Not quite grown up Lanie Freeman is still taking care of her siblings while her father sits his sentence in jail. Along to help her is feisty over ninety Aunt Keiza who's lived so long she knows everything. Lanie's siblings are starting to grow up and she's put to the test of trying to keep them in stride. Cody becomes a zealous Christian while Maeva keeps testing Lanie's limit by being a teenager. Meanwhile Louise Langley is jealous of Lanie while her brother is taking an interest in her. The town doctor seems to be vying for her attention as well even though he's engaged to Louse. A pregnant girl is taken in by the family because she has no where else to go. Then to top it off there's a new preacher in town, one who wears jeans and rides a motorcycle. Fairhope is shaken up with his arrival, changing the lives of everyone who lives in the town.
Since I'm an avid Gilbert Morris reader, I picked up this book. I guess because I'm such a fan I feel like I have to read every book written by him. That said, I did enjoy this book over the past few I've read of his. The characters in this story are very colorful and bring life to the story. I find the background characters to be more interesting especially the restaurant group scenes. There is lots of historical fact and research done for the book and I enjoy all mention of the food that is eaten. I do like how Colin is a non typical pastor and he does grab the reader's attention from his first appearance. However once again what I find most annoying (but new readers won't notice) is recycled plot use. Why are there always characters that insist on sitting in the front row at church? There will be plenty of rows throughout the church but these characters always march right up in front under the nose of the preacher. The girl being disguised as a guy gets really old too because she doesn't really try hard to disguise herself (cut your hair instead of hiding it under a hat).

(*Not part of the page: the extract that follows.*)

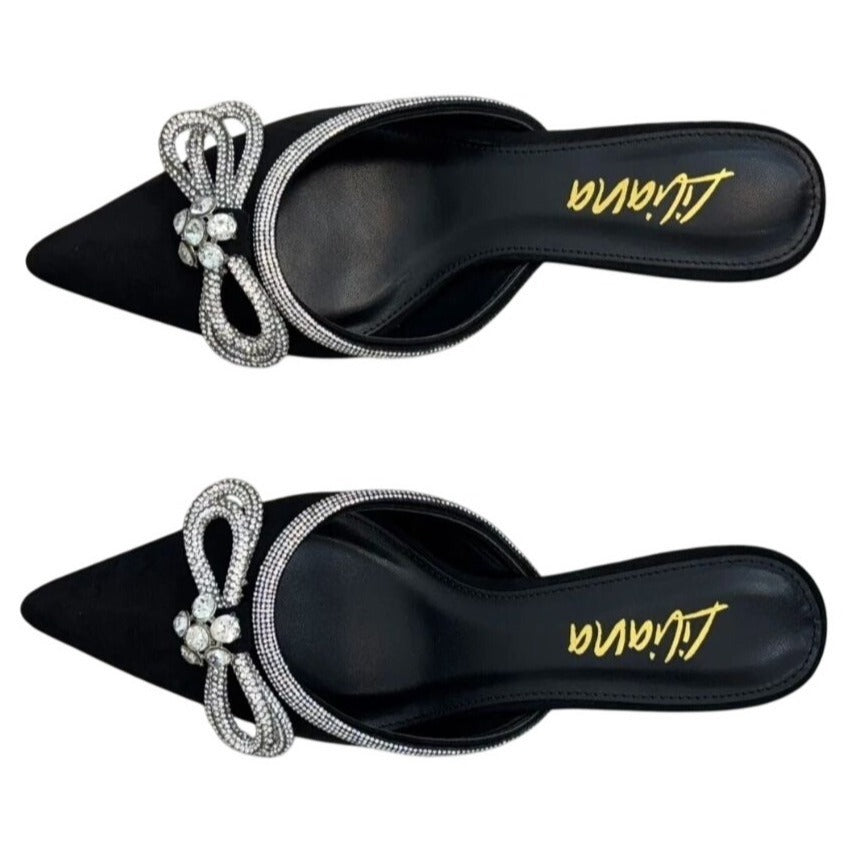 LILIANA / Romantiq 1 / Black / Rhinestone / Bow / Embellished / Slip-On Mule Heels / With Pointed / Toe & Kitten / Heel SHOES BY FLOR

I really didn't like Lanie's brother after he became a Christian. While I was happy to hear that he became saved, I really think he went overboard with trying to convert others. Why would someone tear up a Bible and give people random pages expecting them to become saved without telling them about it? This character seemed very judgmental and stereotypical of a Christian trying to convert everyone. One more thing that really bugged me was when Colin and Louise finally kiss, they both back away immediately and the first thing Colin says is "Well I guess I shouldn't have done that." That phrase has been used too many times in Morris's books and just doesn't sound realistic at all. I also won't lie, i skipped over Lanie's poetry. I feel bad but it didn't really interest me.
I did enjoy the book but mostly out of loyalty for being a Morris fan. If you like historical fiction, then I think you'd enjoy it. Otherwise I think some of his older works are much better.